RL: Oh, wow. I guess today I would say it’s my little daughter that is on the way; joining my wife and me in June. We have been doing the classic thing where you play music for the baby through headphones on the belly. It has allowed me to listen to some of my favorite music again with completely new ears and to really see how fundamental music is to me. What a joy and pleasure it is to be able to contribute to the world of music and share all of this history with the little one as she grows.
And finally, what are your thoughts on the state of “electronic music” today?

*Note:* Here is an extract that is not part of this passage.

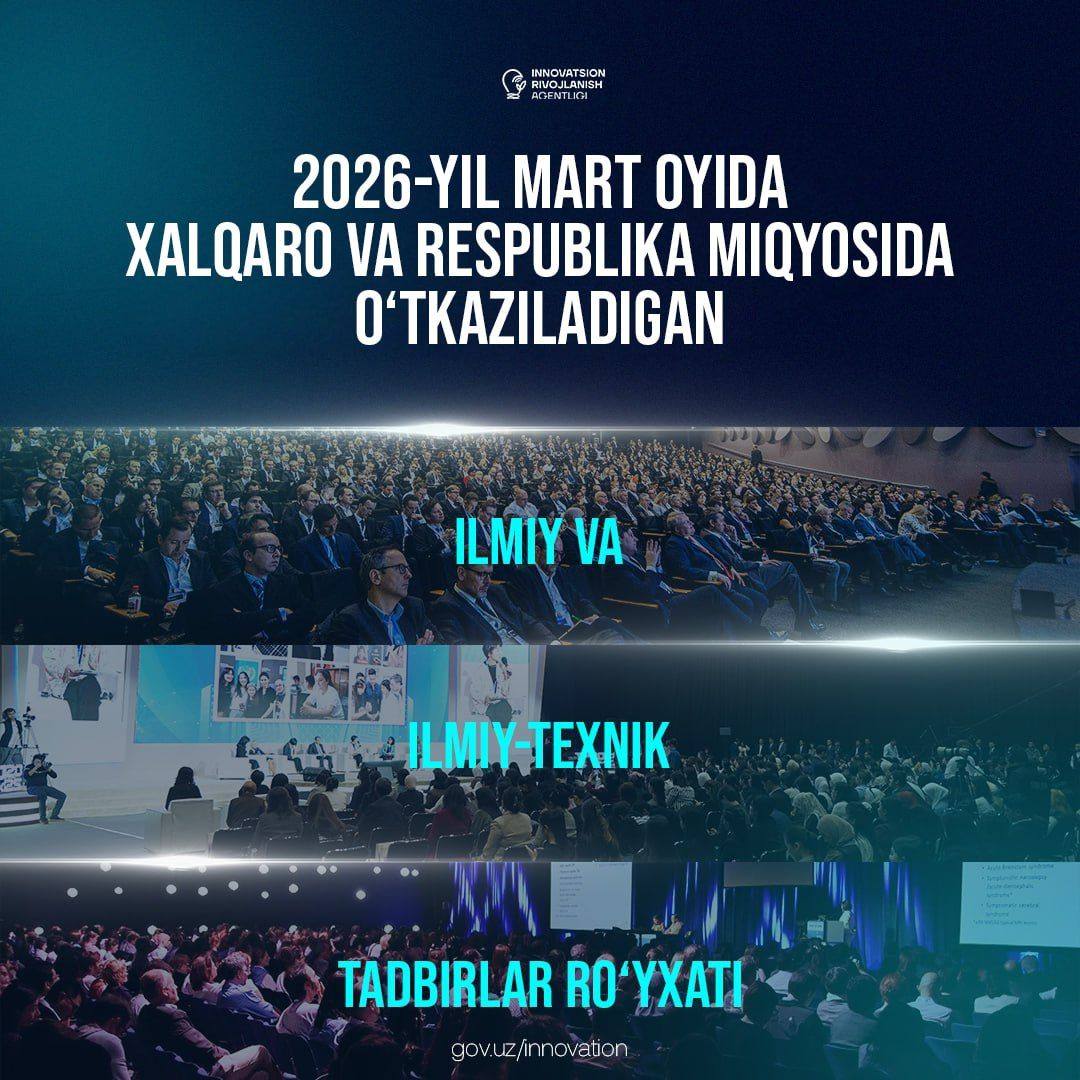 2026-yil mart oyida xalqaro va respublika miqyosida o‘tkaziladigan ilmiy va ilmiy texnik tadbirlar ro‘yxati.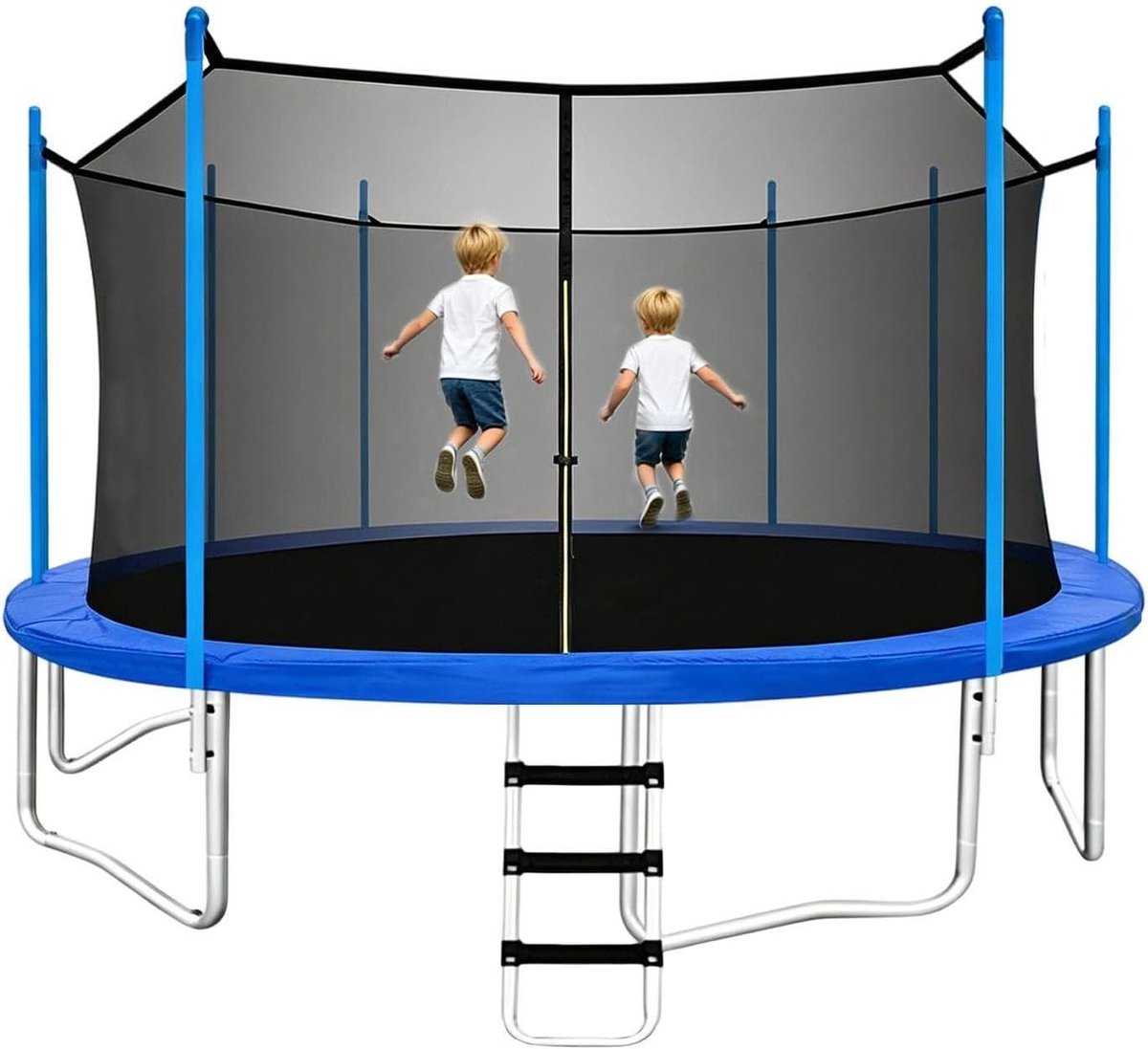Trampoline Vervangingsnet - Veiligheidsnet Omheining - Buiten Spelen - Verstelbare Banden Systeem - 3.66 & 4.27 Meter - Zwart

MM: I’m not too familiar with a lot of electronic music in a broader sense. I listen to a lot of minimal composers and some avant-leaning ambient and experimental music. I find myself most-drawn to the balance of human touch in music. I really enjoy when a musical concept is both contemporary but yet carried out in a tactile and manual way. I’ve been listening to a lot of the organ music of Ellen Arkbro and Kali Malone across to guitar-based artists like Danny Paul Grody, William Tyler and Ilyas Ahmed. I’m also highly inspired by the likes of Jefre Cantu-Ledesma, Felicia Atkinson or Clarice Jensen who are fully hybridizing acoustic performance and turning it on its head to create something wholly unique by way of digital modulation or synthesis.
RL: I don’t know too much about electronic music. From my little perch here I would say that the world is filled with an abundance of incredible music, too much to sort through. I love swimming through it.